High selective photocatalytic CO2 conversion into liquid solar fuel over a cobalt porphyrin-based metal–organic framework

Abstract

In the present study, porphyrin-based metal–organic framework (Co/PMOF) was synthesized and characterized by different spectra analyses. The photoluminescence properties of porphyrin and Co/PMOF revealed that the photoluminescence of Co/PMOF was quenched compared to the porphyrin, indicating that the lifetime of photo-generated charge carriers in Co/PMOF is longer than porphyrin. The prepared Co/PMOF was applied as an efficient photocatalyst for CO2 photoconversion to formate in the presence of triethanolamine (TEOA) as a sacrificial agent under visible-light irradiation.
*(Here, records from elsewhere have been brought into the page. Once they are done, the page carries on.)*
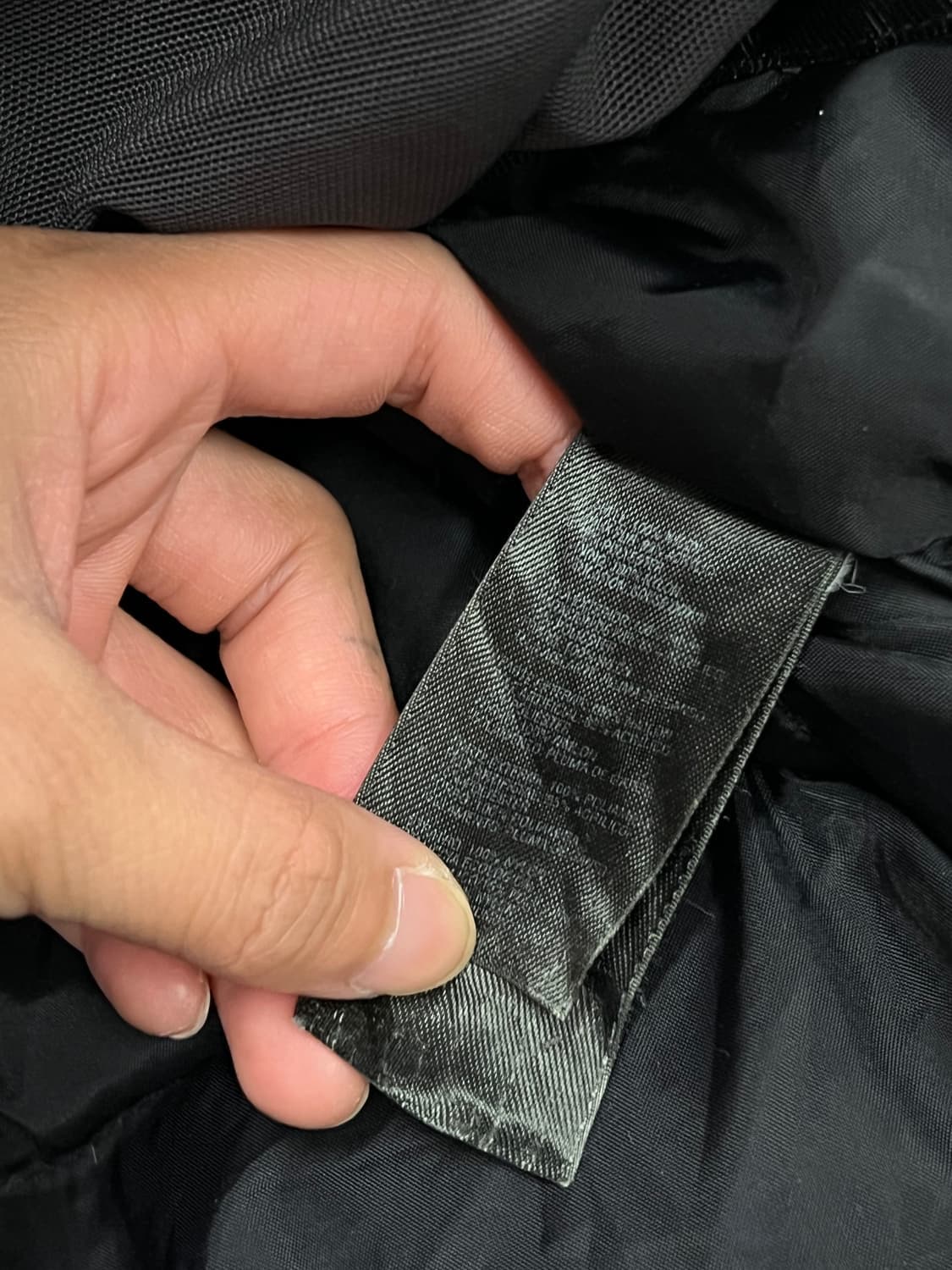 (L) 노스페이스 하이벤트 맥머도 구스다운 자켓 상품이미지6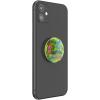 PopSockets Phone Grip for MagSafe with Kickstand, Magnetic Stand, Swappable Top, Secure Hold for iPhone MagSafe Cases, Phone & Tablet Grip, Disney – PopOut Dreamy Stitch(Neon Stitch)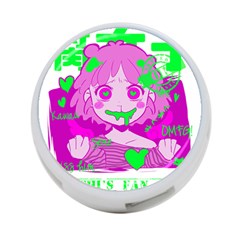 Fujoshi 4-port Usb Hub (one Side) by psychodeliciashop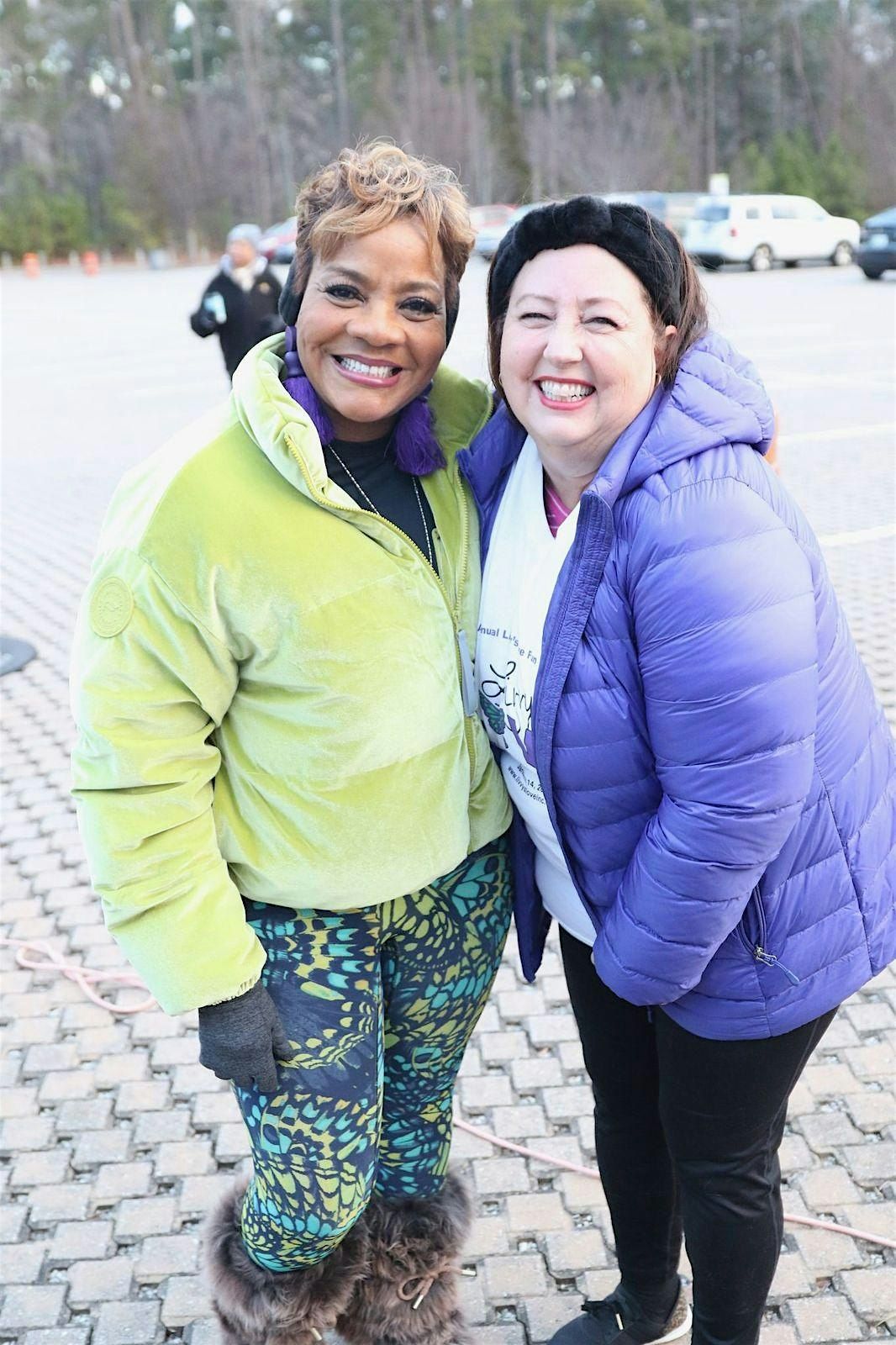 LIVVY'S LOVE FUN RUN\/WALK 2026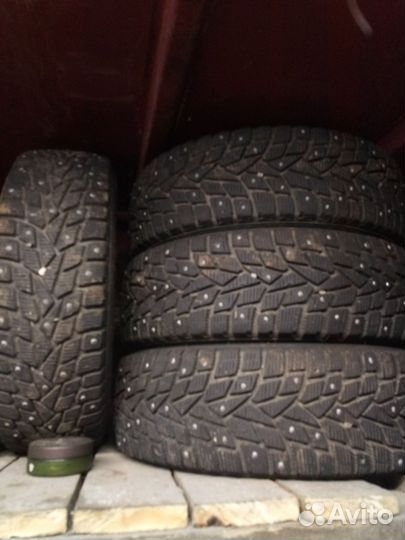 Dunlop SP Winter Ice 02 185/65 R15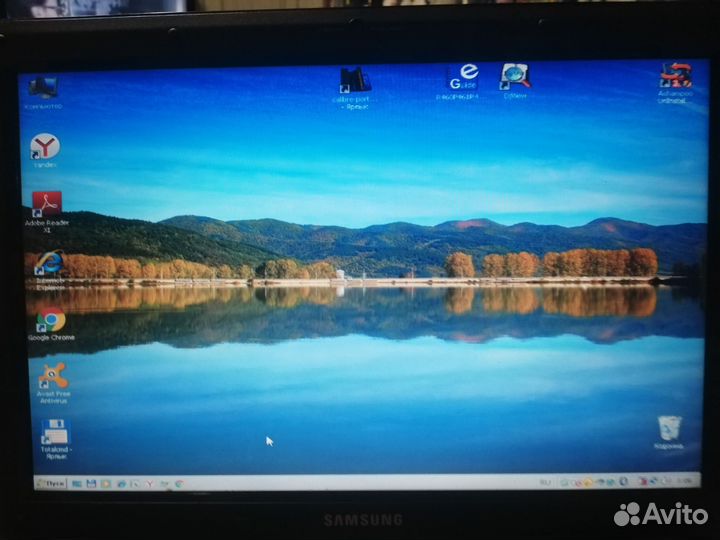 Ноутбук Samsung R460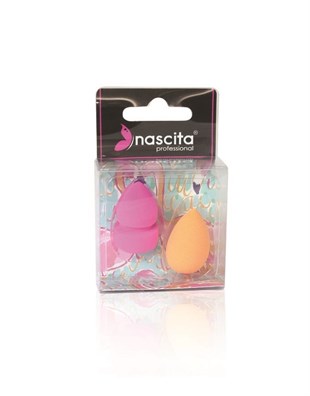 Nascita 2Li Non-Latex Makyaj Sünger Seti - 56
The photoreaction results showed that 23.21 µmol HCOO− was produced over Co/PMOF during the 6 h photocatalytic reaction under visible illumination, showing much better activity than the porphyrin, 4.56 µmol HCOO−. No other products were detected, suggesting that this reaction over Co/PMOF has high selectivity. Co/PMOF reusability and stability were examined through recycling tests and there were no remarkable losses of photoactivity even after three cycles of photoreaction. Moreover, FTIR measurement and UV–Vis spectra demonstrated no notable changes in Co/PMOF structure. As a result, superior photocatalytic behavior of Co/PMOF was implied for CO2 photoreduction which highlights the great potential of assembly porphyrin and cobalt into MOFs for CO2 photoreduction.